Mr. Sherer shuddered, and reached for Edward’s decanter.

“You read it, then?” I enquired, in a cheerful accent. “This novel you profess to despise?”

“I? Read a novel?”

“—For your portrait of the clergyman is as clear as life, Mr. Sherer. It cannot have been formed by merely hearing of Mr. Collins spoken of, among your acquaintance.”

The poor vicar flushed. “I cannot say. I cannot recall. It is possible that Mrs. Sherer read me the passages aloud, in her natural indignation at the licence of the author! I declare that any sort of trash may be found at the booksellers today—even in so sacred a city as Canterbury! The French have much to answer for, indeed!”

What Buonaparte might have to do with the failings of Mr. Collins, I did not trouble to enquire; I have given over admiring Mr. Sherer, tho’ his sermons are so inspired. My sympathies now are all for the dismissed curate.

It does seem hard that the poor young man (for a curate is invariably a young man, and invariably poor) should have all the tiresomeness of Westwell’s duties, while Mr. Sherer enjoys all its tithes. Perhaps the curate experienced a little of the revolutionary fervour which is so catching in Europe and England these days, and refused any longer to be Mr. Sherer’s slave; but whatever the cause, the curate is to be gone in a fortnight, and Mr. Sherer and his wife—whom I cannot admire—removed to Westwell, leaving another eager young man to do the Lord’s and Mr. Sherer’s work at Godmersham. Our new curate is rumoured to have a wife, who is said to be musical—which might prove beneficial to Fanny’s happiness, at least.

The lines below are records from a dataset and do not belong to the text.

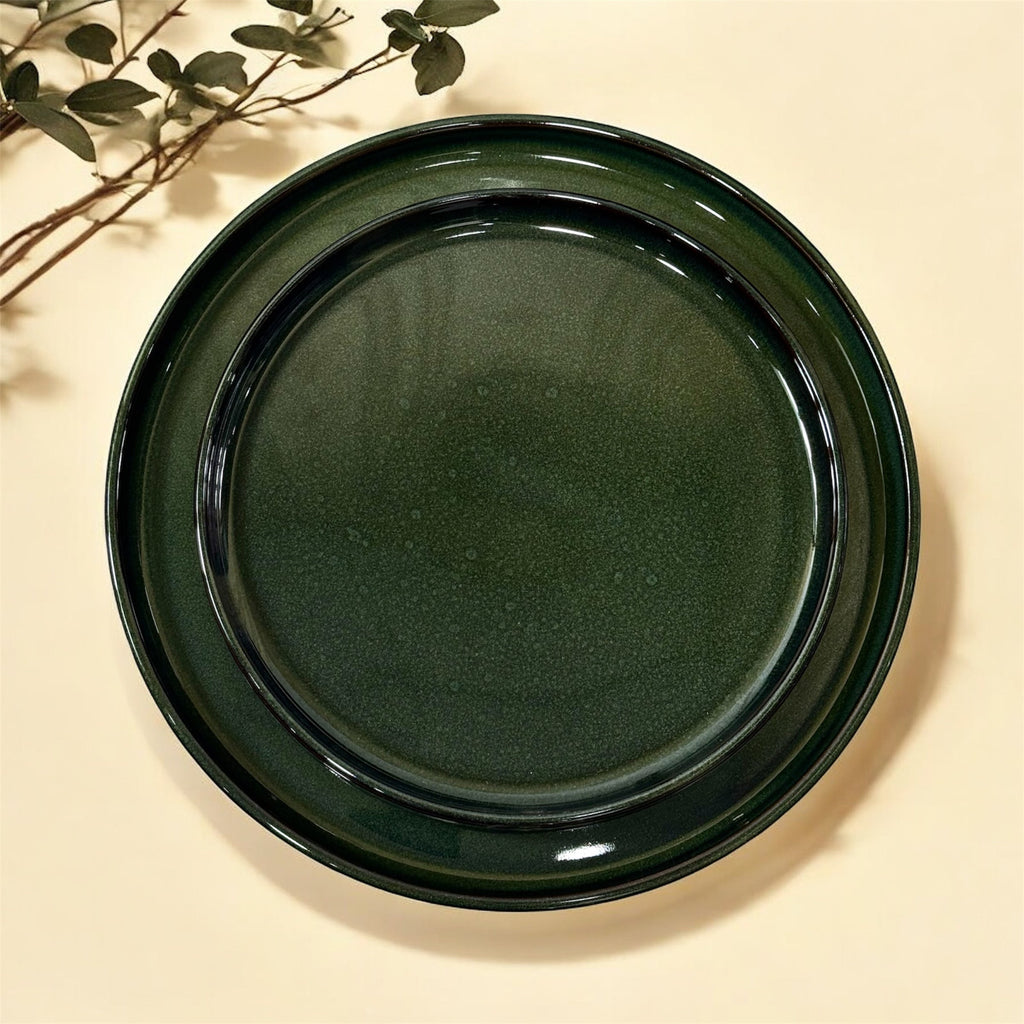 Emerald Forest Plate Set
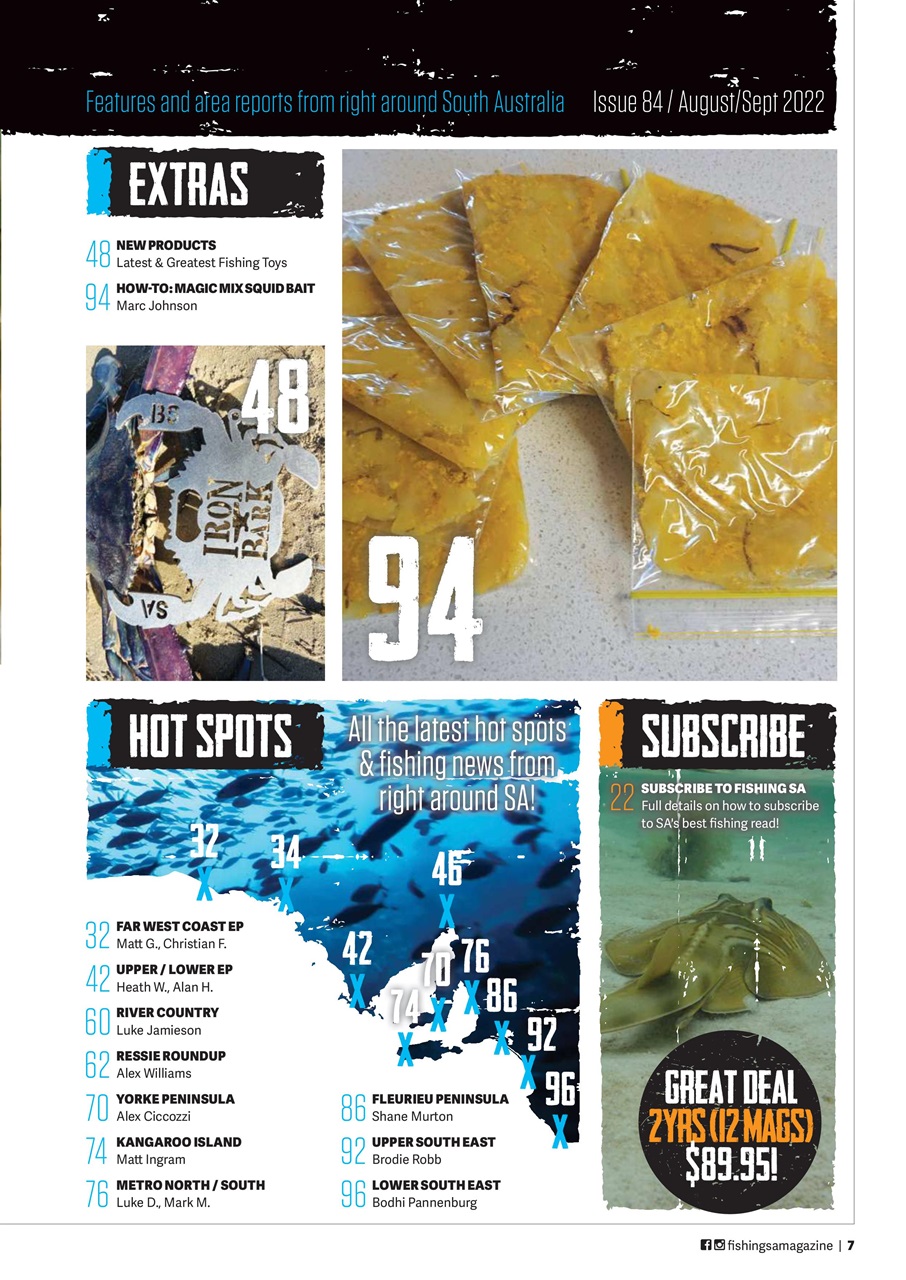 Fishing SA Preview Pages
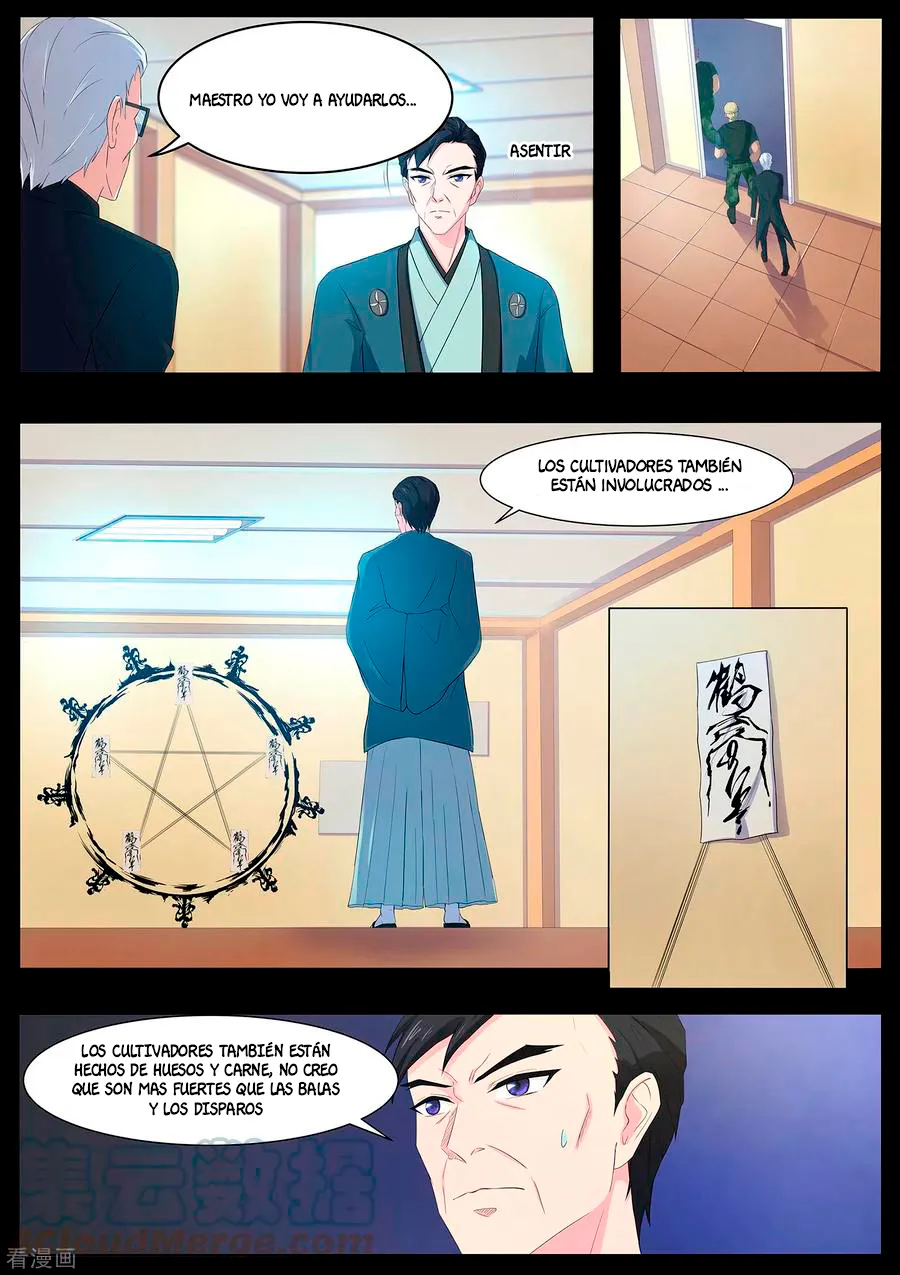 High School Taoist Capítulo 70 en Línea - página 8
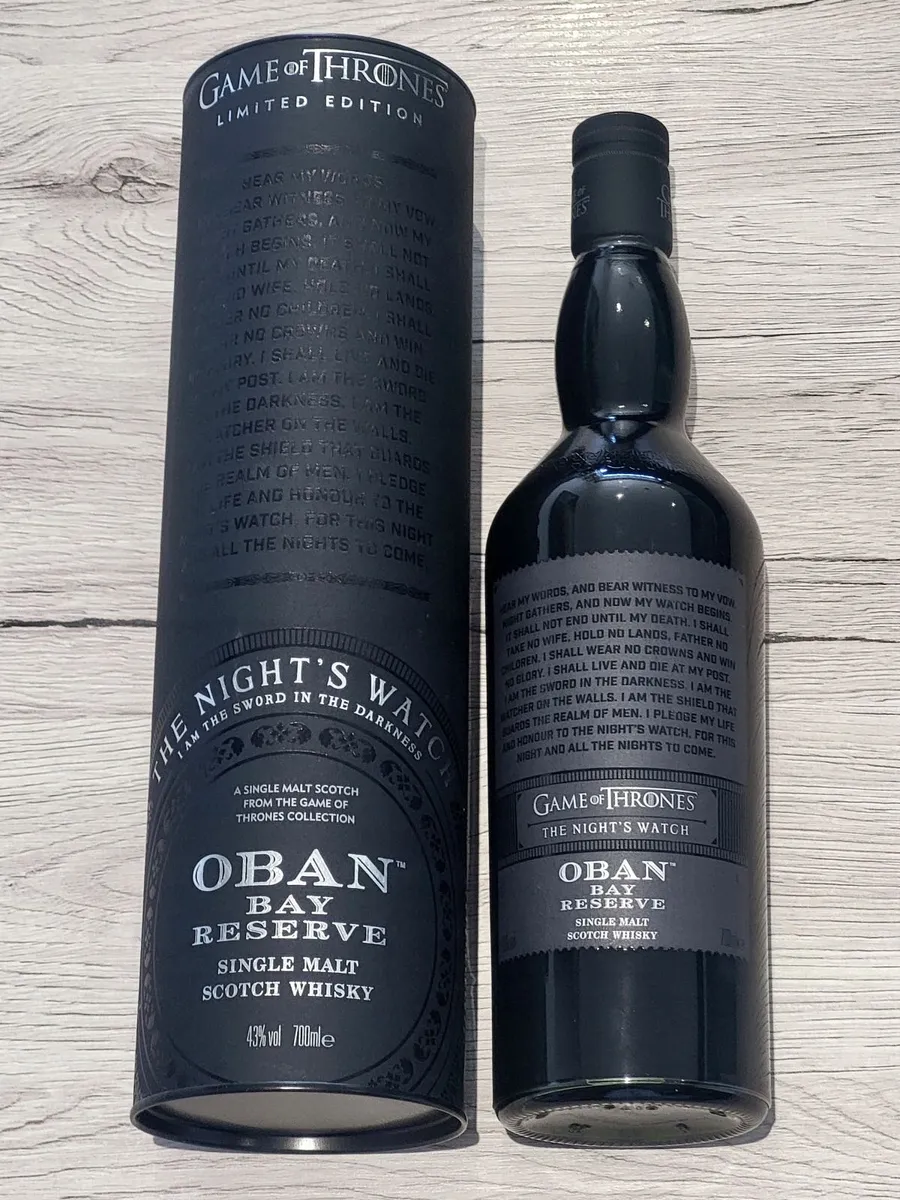 Limited Edition Game of Thrones Whiskey Collection - Image 4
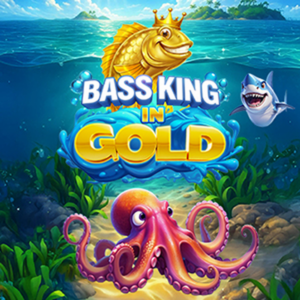 Play Bass King in Gold Slot Game
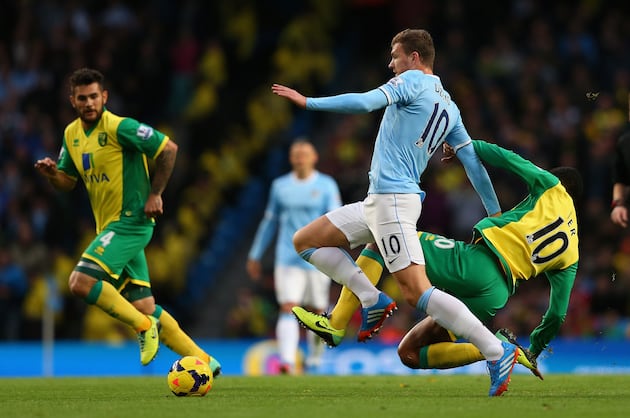 Manchester City Should Have No Fear Selling Edin Dzeko to Arsenal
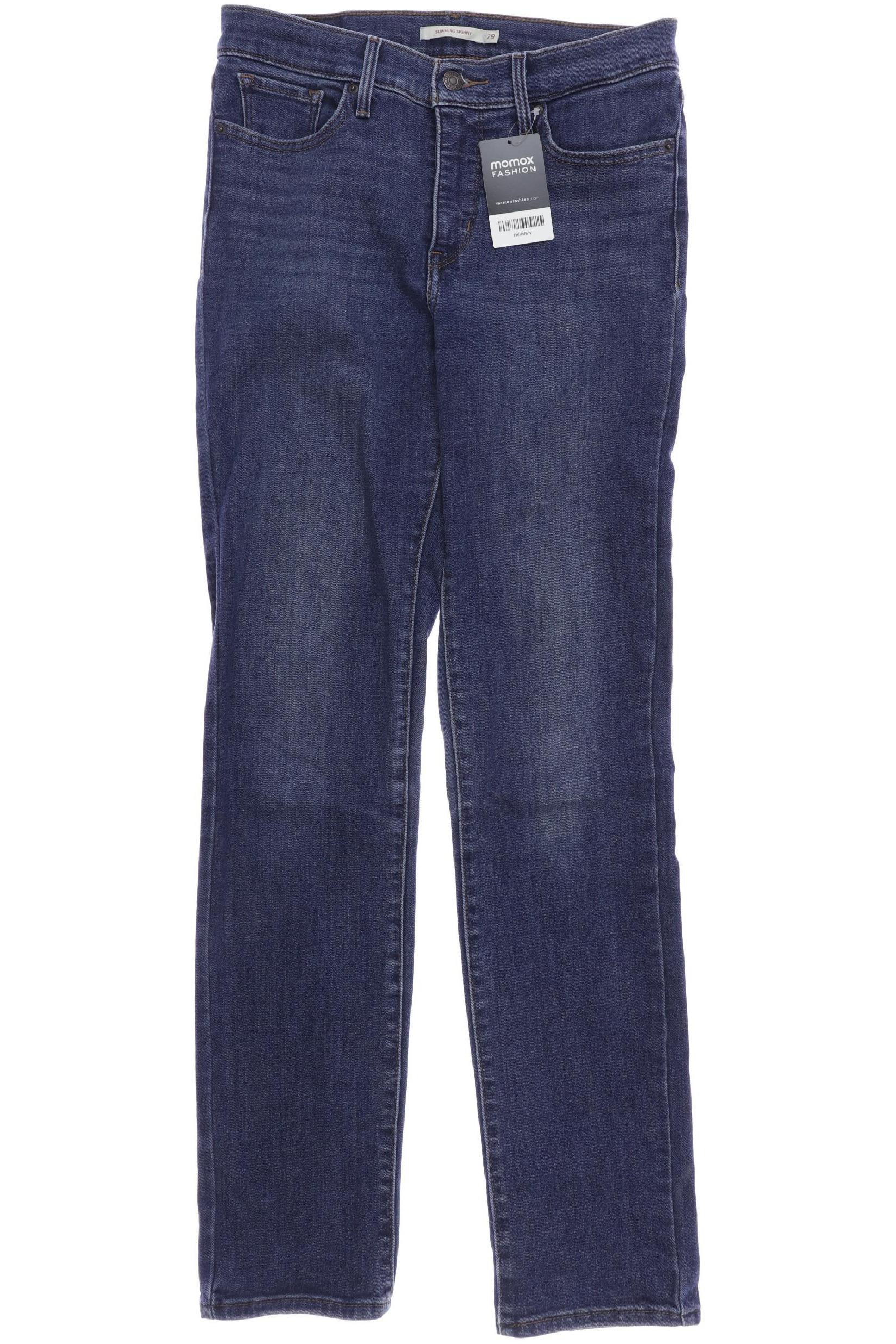 

Levis Damen Jeans, marineblau, Gr. 29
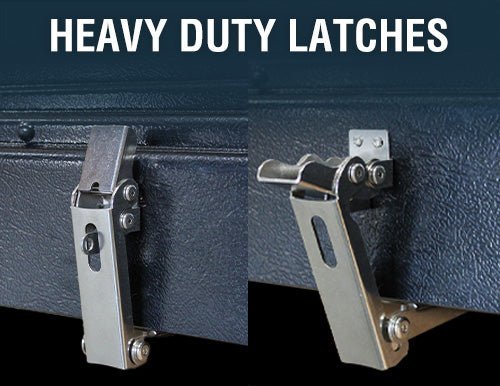 Overland Vehicle Systems HD Bushveld II Cantilever Hard Shell Roof Top Tent Grey Body & Tan Rainfly - Angler's Pro Tackle & Outdoors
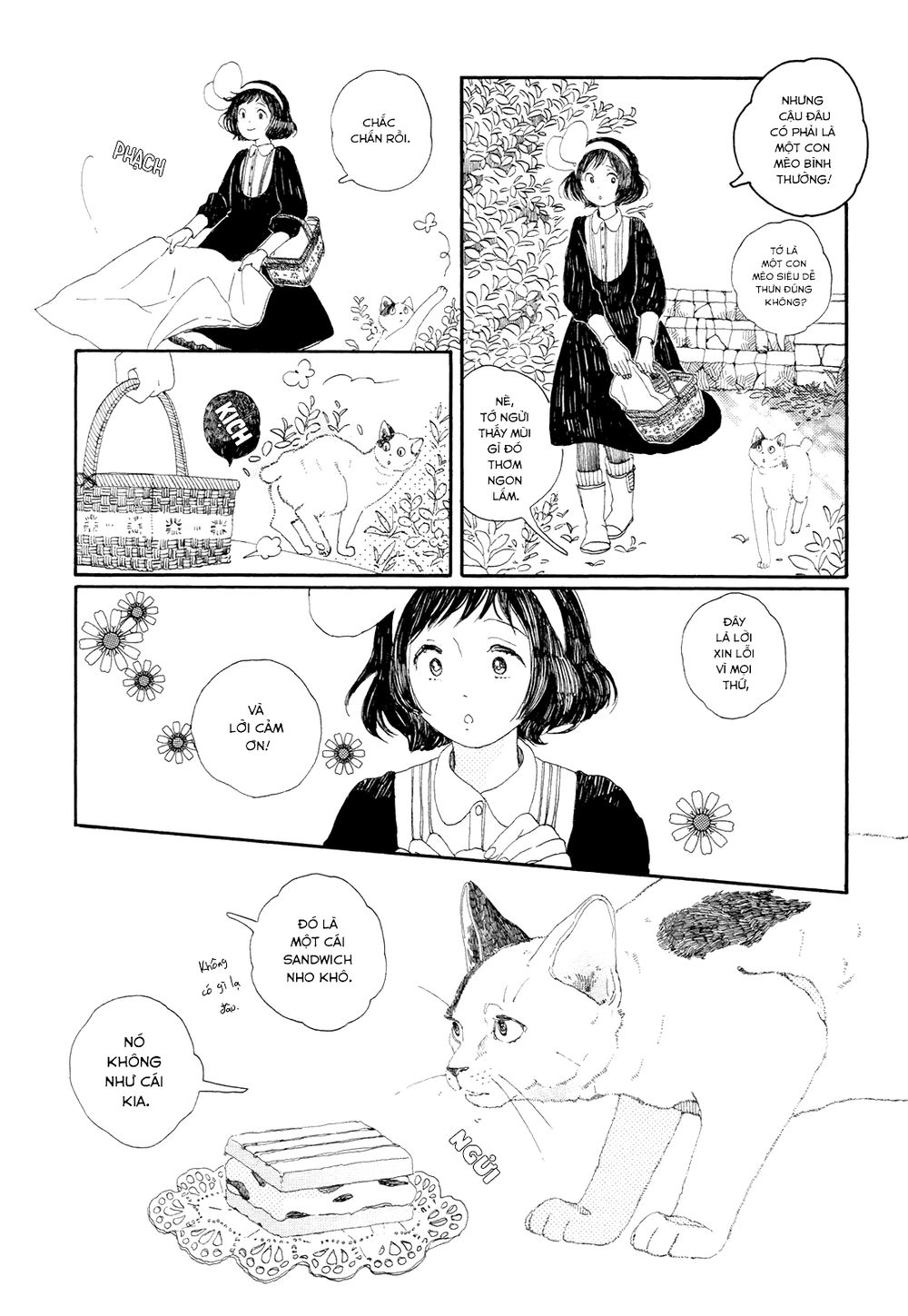 Majo To Neko No Hanashi Chapter 1 - 34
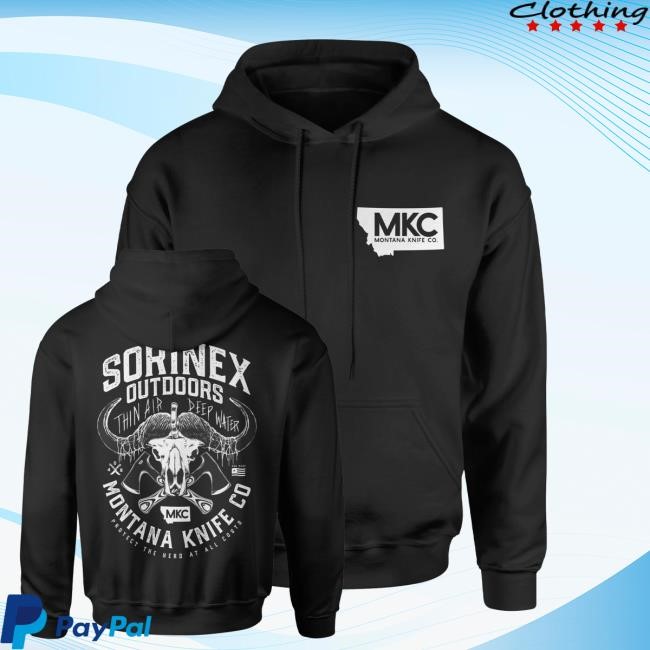 Official Montana Knife Company Merch Shop Store Mkc X Sorinex Outdoors Tank Top - Good Tee Store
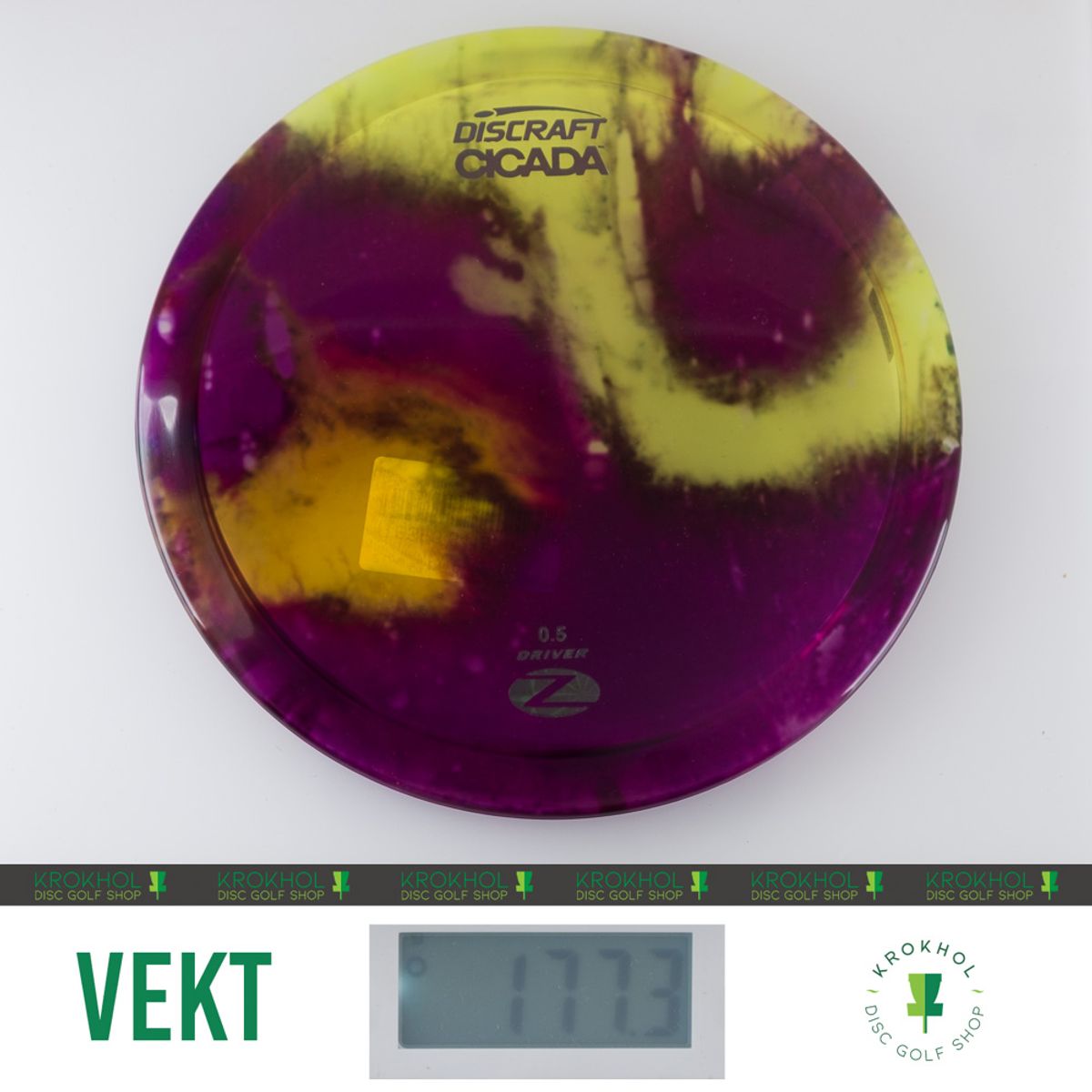 Z Line Fly Dye Cicada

All this we were told when the Sherers came to take tea with Fanny after the morning service—Sunday being a day of strict observance in the Godmersham household, particularly when George Moore is among its intimates. I do not think his little son was permitted to smile, much less laugh, for the whole of the morning; and when Lizzy broke out in giggles at something Marianne whispered behind her hand, Mr. Moore gave both girls so scandalised a look that they were reduced to blushes, and led immediately from the room by Miss Clewes, her lips compressed in profound disapprobation.